### Exercise inputs:
--
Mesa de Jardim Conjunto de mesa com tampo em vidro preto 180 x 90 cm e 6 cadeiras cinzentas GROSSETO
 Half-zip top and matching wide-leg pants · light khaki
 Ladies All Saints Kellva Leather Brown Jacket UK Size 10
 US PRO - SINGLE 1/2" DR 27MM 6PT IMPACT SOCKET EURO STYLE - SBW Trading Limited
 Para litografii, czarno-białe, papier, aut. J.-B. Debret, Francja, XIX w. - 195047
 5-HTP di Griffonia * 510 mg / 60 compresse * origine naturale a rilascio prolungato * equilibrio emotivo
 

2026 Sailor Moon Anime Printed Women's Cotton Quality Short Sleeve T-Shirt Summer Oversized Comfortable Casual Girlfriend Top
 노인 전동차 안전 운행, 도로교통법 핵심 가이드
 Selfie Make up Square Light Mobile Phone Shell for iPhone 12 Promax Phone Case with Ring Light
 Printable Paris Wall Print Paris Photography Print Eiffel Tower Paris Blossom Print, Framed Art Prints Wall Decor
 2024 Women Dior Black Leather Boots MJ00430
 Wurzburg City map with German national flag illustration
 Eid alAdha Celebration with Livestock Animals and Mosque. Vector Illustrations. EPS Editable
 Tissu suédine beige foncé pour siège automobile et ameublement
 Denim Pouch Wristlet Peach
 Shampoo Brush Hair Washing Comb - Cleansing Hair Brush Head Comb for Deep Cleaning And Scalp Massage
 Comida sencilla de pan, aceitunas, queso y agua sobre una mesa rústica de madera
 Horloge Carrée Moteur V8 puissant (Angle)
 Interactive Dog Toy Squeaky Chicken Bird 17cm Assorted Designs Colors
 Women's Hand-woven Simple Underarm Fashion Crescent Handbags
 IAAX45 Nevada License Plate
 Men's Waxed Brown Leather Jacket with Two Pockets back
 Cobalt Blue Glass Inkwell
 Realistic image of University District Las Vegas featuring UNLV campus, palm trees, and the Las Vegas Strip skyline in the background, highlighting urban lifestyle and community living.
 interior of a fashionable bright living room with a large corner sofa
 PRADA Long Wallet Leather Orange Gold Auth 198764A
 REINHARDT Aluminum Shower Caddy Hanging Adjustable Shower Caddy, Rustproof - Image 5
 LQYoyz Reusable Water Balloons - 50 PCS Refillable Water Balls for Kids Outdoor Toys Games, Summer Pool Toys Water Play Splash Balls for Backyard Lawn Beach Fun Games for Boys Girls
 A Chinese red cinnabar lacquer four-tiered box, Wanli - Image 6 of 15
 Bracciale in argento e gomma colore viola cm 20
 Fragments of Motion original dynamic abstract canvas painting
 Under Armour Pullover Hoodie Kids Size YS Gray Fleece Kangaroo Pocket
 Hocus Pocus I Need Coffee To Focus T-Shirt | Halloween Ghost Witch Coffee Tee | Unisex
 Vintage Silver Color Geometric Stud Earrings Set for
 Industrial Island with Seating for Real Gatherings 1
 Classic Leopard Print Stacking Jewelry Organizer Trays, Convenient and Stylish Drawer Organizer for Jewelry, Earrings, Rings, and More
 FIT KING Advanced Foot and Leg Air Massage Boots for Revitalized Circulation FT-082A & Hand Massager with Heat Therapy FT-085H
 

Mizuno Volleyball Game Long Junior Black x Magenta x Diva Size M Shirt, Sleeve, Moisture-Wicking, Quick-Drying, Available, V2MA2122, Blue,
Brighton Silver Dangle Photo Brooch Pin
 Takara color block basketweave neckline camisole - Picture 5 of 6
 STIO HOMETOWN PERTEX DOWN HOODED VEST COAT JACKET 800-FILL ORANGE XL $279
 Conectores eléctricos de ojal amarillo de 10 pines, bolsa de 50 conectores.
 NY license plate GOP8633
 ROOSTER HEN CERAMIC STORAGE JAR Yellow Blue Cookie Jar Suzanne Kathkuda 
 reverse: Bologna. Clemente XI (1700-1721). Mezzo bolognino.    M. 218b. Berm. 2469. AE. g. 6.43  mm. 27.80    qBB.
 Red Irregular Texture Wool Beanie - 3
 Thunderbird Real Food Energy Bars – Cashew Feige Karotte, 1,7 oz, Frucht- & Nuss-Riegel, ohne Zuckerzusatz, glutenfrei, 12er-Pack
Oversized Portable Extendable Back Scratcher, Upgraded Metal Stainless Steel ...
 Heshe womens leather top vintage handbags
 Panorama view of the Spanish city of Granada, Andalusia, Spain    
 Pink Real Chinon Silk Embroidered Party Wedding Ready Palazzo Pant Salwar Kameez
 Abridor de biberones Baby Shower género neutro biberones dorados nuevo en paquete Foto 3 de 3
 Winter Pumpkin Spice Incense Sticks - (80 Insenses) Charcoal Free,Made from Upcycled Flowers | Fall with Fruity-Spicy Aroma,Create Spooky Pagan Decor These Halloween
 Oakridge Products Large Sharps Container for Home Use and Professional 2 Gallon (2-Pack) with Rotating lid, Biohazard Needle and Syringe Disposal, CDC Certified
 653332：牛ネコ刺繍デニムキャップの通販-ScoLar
--
### Exercise details:
Using the material above, find each line that holds "living" and copy that line.

### Answer to this problem:
 Realistic image of University District Las Vegas featuring UNLV campus, palm trees, and the Las Vegas Strip skyline in the background, highlighting urban lifestyle and community living.
 interior of a fashionable bright living room with a large corner sofa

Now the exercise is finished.